* PROVIDED MATERIAL *
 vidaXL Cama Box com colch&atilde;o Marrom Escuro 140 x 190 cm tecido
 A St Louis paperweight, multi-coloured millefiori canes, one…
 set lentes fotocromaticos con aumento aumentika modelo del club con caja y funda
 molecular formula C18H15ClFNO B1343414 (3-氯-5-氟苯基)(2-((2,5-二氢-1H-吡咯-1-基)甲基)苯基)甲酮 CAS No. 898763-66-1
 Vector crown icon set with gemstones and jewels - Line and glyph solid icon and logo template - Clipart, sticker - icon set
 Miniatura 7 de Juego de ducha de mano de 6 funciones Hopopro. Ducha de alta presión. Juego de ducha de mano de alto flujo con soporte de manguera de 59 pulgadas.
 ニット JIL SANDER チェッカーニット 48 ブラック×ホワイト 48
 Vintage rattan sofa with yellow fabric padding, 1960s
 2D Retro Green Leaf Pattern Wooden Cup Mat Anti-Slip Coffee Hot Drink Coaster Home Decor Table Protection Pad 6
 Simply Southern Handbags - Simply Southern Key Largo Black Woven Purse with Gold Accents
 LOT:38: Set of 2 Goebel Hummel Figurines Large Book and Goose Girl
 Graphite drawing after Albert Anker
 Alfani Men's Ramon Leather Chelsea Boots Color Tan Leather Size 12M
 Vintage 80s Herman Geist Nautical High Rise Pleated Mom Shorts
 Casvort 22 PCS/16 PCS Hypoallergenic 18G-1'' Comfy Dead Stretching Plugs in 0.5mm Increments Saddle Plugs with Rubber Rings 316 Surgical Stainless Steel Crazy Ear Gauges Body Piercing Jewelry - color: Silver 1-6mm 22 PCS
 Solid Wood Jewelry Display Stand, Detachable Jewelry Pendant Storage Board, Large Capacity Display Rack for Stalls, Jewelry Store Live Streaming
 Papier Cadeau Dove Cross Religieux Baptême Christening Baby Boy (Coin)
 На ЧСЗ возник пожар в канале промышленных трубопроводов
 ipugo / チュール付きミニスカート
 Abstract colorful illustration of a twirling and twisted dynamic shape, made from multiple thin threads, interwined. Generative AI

* EXERCISE GOAL *
Write every record out again, unaltered.

* EXERCISE RESPONSE *
 vidaXL Cama Box com colch&atilde;o Marrom Escuro 140 x 190 cm tecido
 A St Louis paperweight, multi-coloured millefiori canes, one…
 set lentes fotocromaticos con aumento aumentika modelo del club con caja y funda
 molecular formula C18H15ClFNO B1343414 (3-氯-5-氟苯基)(2-((2,5-二氢-1H-吡咯-1-基)甲基)苯基)甲酮 CAS No. 898763-66-1
 Vector crown icon set with gemstones and jewels - Line and glyph solid icon and logo template - Clipart, sticker - icon set
 Miniatura 7 de Juego de ducha de mano de 6 funciones Hopopro. Ducha de alta presión. Juego de ducha de mano de alto flujo con soporte de manguera de 59 pulgadas.
 ニット JIL SANDER チェッカーニット 48 ブラック×ホワイト 48
 Vintage rattan sofa with yellow fabric padding, 1960s
 2D Retro Green Leaf Pattern Wooden Cup Mat Anti-Slip Coffee Hot Drink Coaster Home Decor Table Protection Pad 6
 Simply Southern Handbags - Simply Southern Key Largo Black Woven Purse with Gold Accents
 LOT:38: Set of 2 Goebel Hummel Figurines Large Book and Goose Girl
 Graphite drawing after Albert Anker
 Alfani Men's Ramon Leather Chelsea Boots Color Tan Leather Size 12M
 Vintage 80s Herman Geist Nautical High Rise Pleated Mom Shorts
 Casvort 22 PCS/16 PCS Hypoallergenic 18G-1'' Comfy Dead Stretching Plugs in 0.5mm Increments Saddle Plugs with Rubber Rings 316 Surgical Stainless Steel Crazy Ear Gauges Body Piercing Jewelry - color: Silver 1-6mm 22 PCS
 Solid Wood Jewelry Display Stand, Detachable Jewelry Pendant Storage Board, Large Capacity Display Rack for Stalls, Jewelry Store Live Streaming
 Papier Cadeau Dove Cross Religieux Baptême Christening Baby Boy (Coin)
 На ЧСЗ возник пожар в канале промышленных трубопроводов
 ipugo / チュール付きミニスカート
 Abstract colorful illustration of a twirling and twisted dynamic shape, made from multiple thin threads, interwined. Generative AI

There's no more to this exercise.